Short text fragments from websites:
——

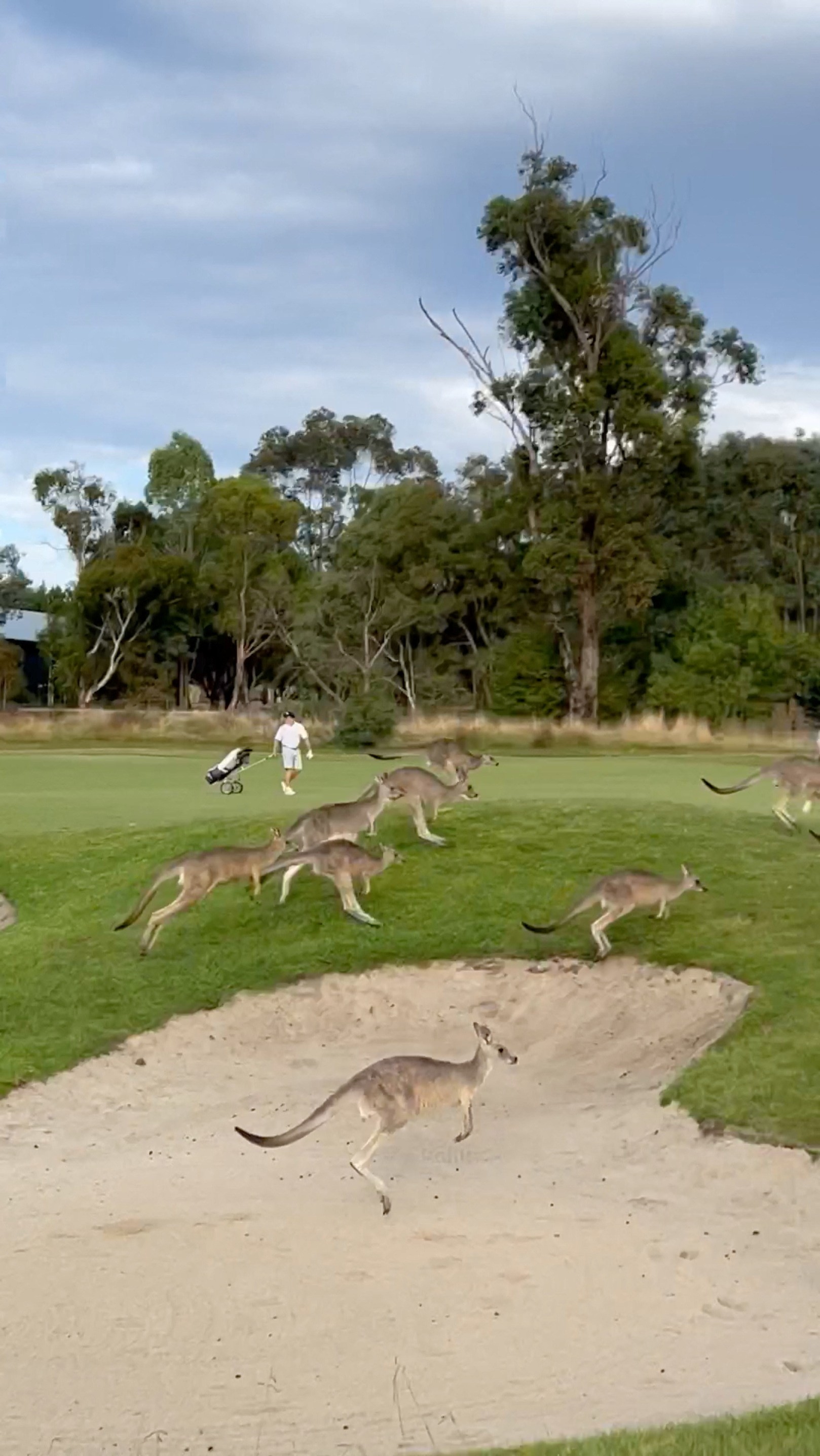 VÍDEO: Dezenas de cangurus invadem campo de golfe durante jogo na Austrália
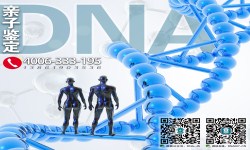 一个合格的亲子鉴定报告有哪些内容?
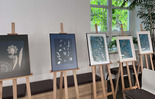  (photo)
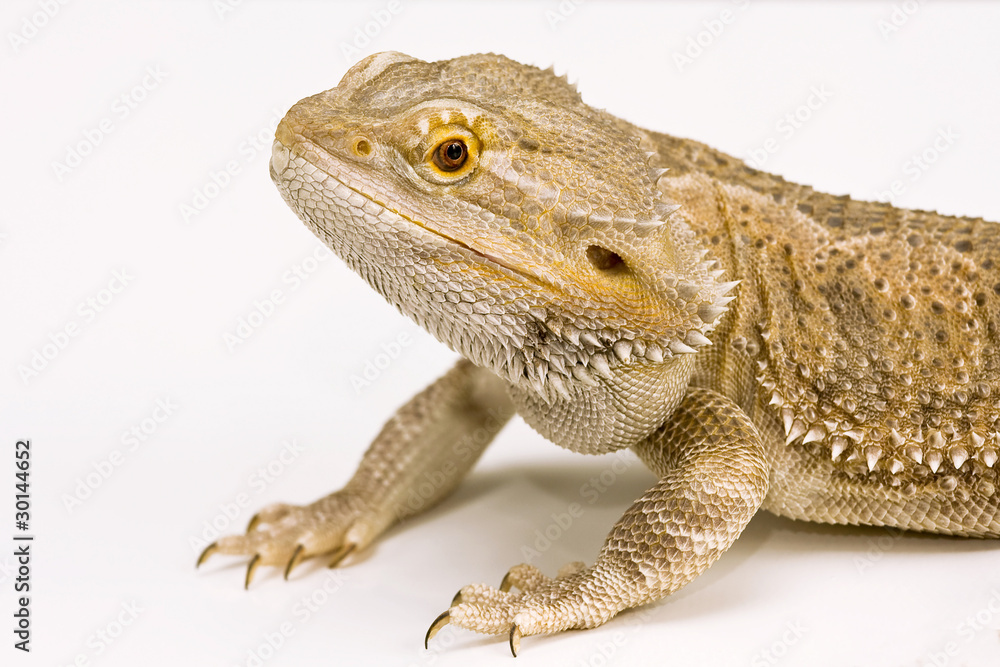 Naklejka premium Bearded Agama,Dragon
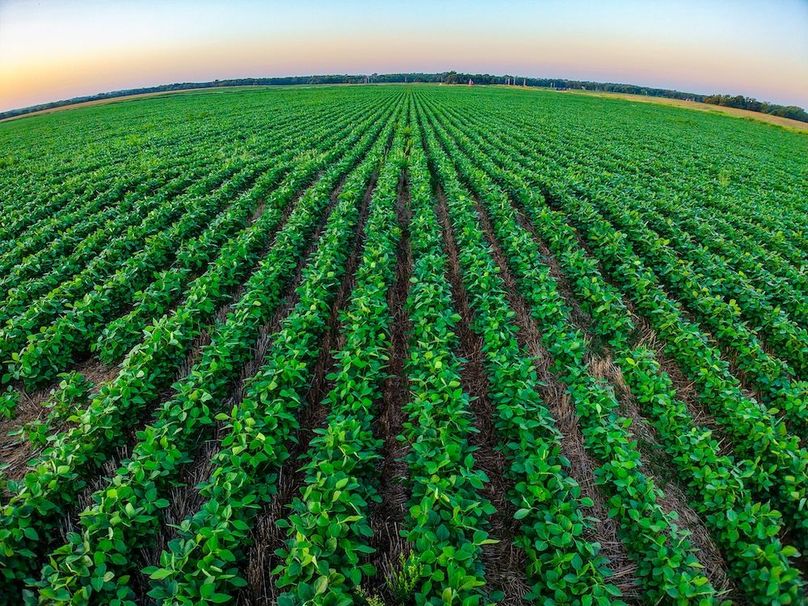 DJI_20250816065505_0709_D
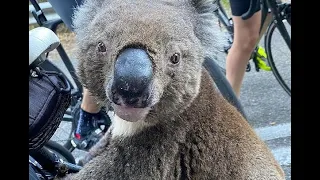 Thirsty koala asks cyclist for drink| CCTV English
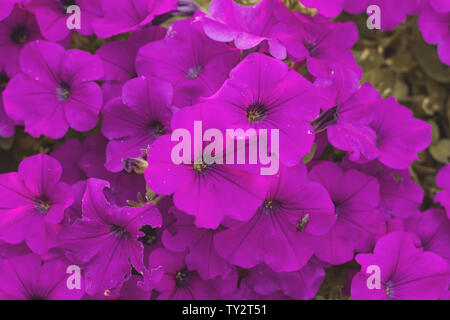 Viola nelle petunie piantatrice. Fiori da Giardino Foto Stock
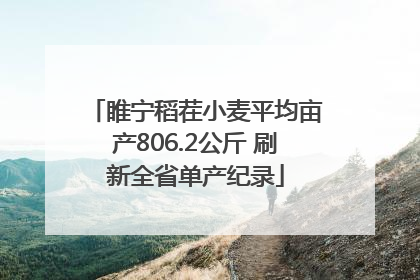 睢宁稻茬小麦平均亩产806.2公斤 刷新全省单产纪录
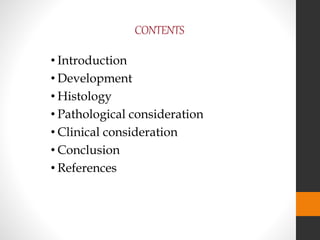 CONTENTS
• Introduction
• Development
• Histology
• Pathological consideration
• Clinical consideration
• Conclusion
• References
 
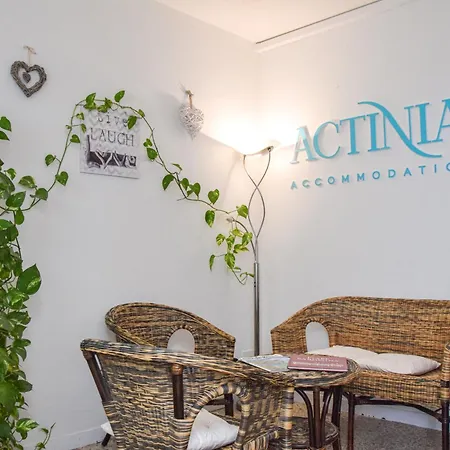 בית הארחה Actinia 3*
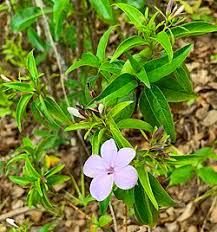 Image result for Barleria megalosiphon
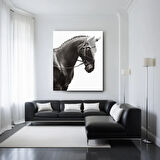 Hayvan Fotoğrafları Cam Tablo | Dayanıklı Temperli Cam
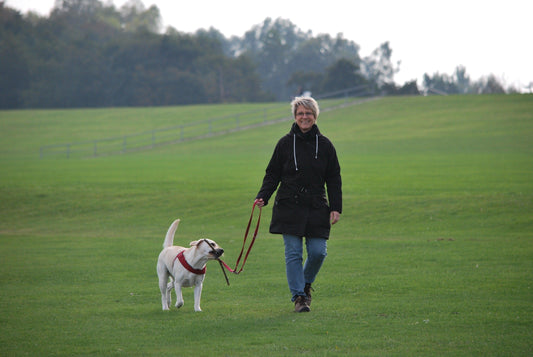 Comment sont formés les chiens guides d'aveugles - Tao-K9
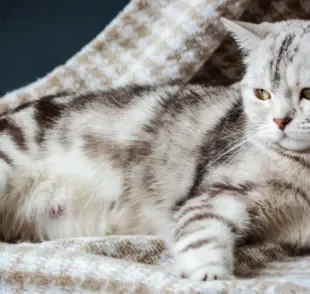 A dieta durante a gestação de gato deve garantir que nenhum nutriente fundamental para mãe e filhote fique em falta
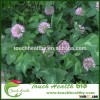 Touchhealthy supply Trifolium pratense seeds/Red Clover seeds/lawn grass seed
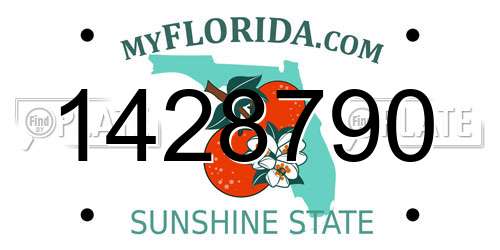1428790 Florida License Plate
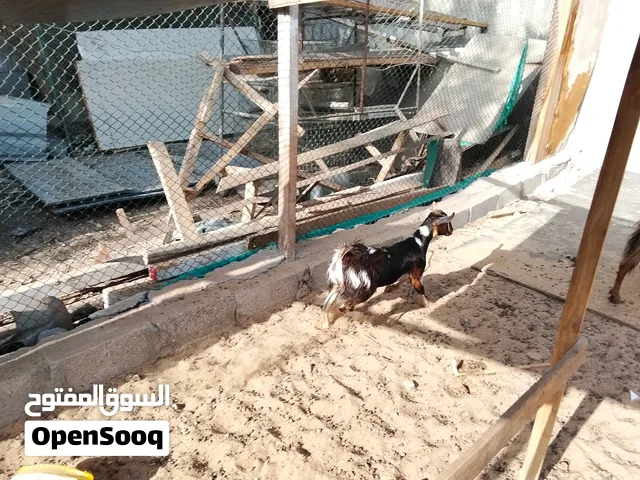 Goat, Pigeon, Budgies, Canary, Cocktail Available for sale,.Sharjah Al zubair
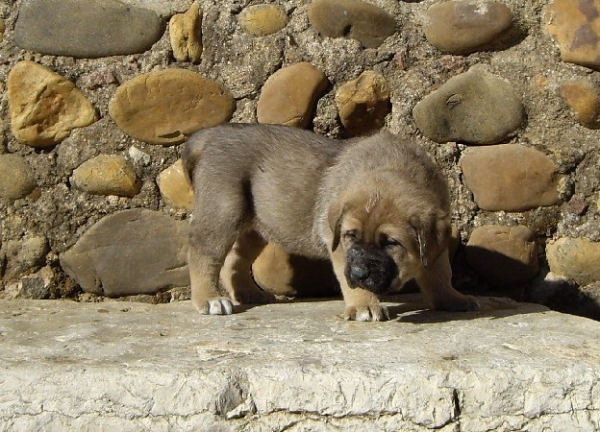 Nala del Molino de la Roma 30 dias
Terry x Babiana de Babia 
10.09.2007   

Keywords: puppyspain puppy cachorro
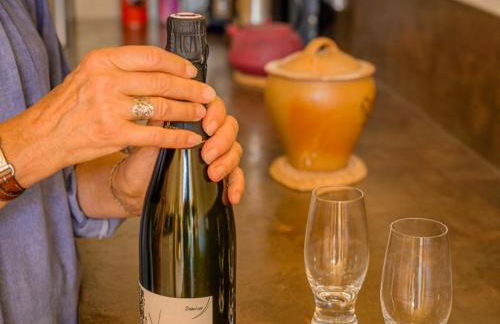 Maison troglodyte de charme avec salle de jeux et spa à Vouvray - FR-1-381-87 - Foto 9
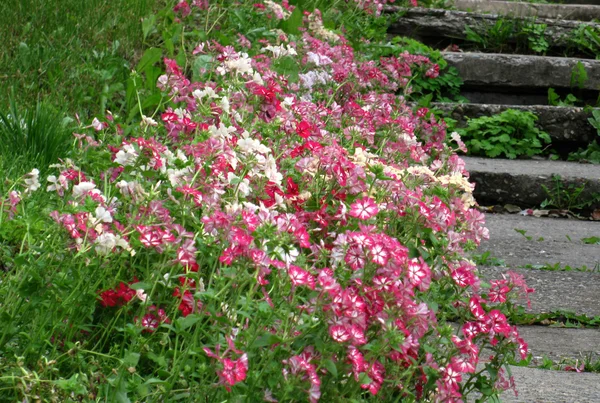 Blume und Pfad — Stockfoto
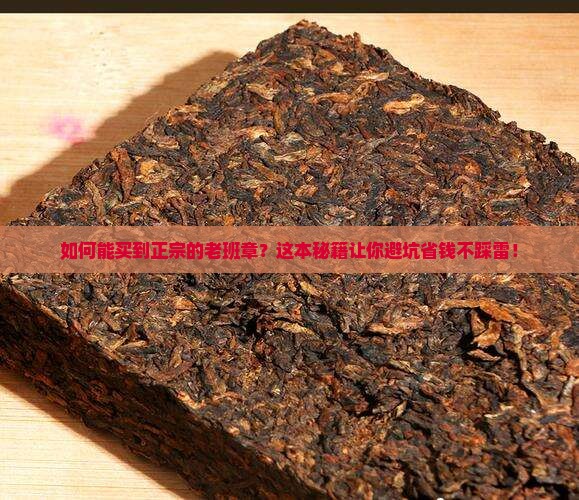 如何能买到正宗的老班章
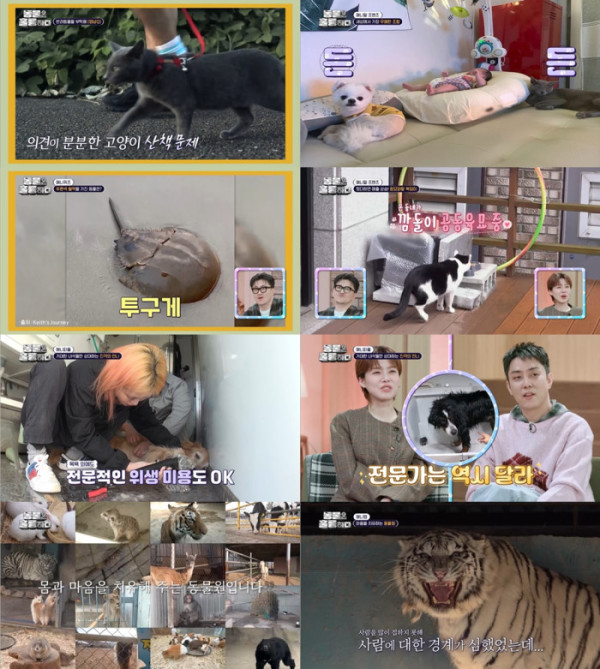 ▲'동물은 훌륭하다'(사진제공=KBS2)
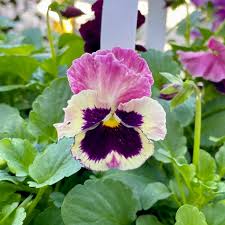 Image result for Viola x wittrockiana `Hiemalis`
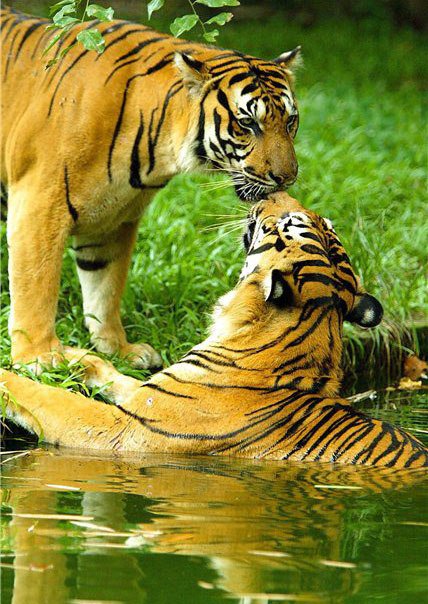 Тигры - поцелуй, нежность, тигры, кошки, животные - оригинал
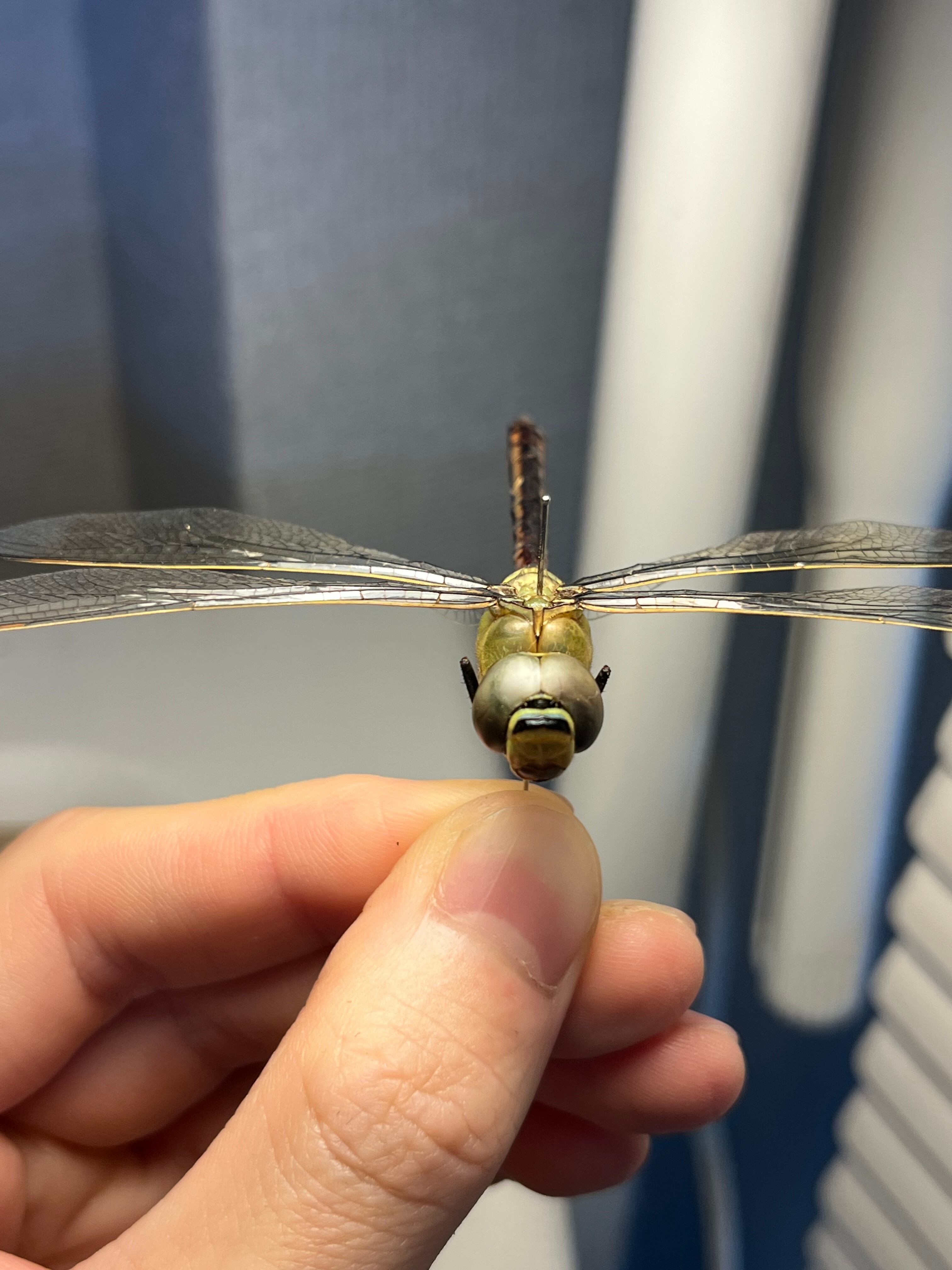 ギンヤンマ 昆虫標本ヘビトンボカマキリマンティス トンボ オニヤンマ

——

To do » Total the lines in the records above that contain the string "consideration". Write only that total.

Expected answer » 2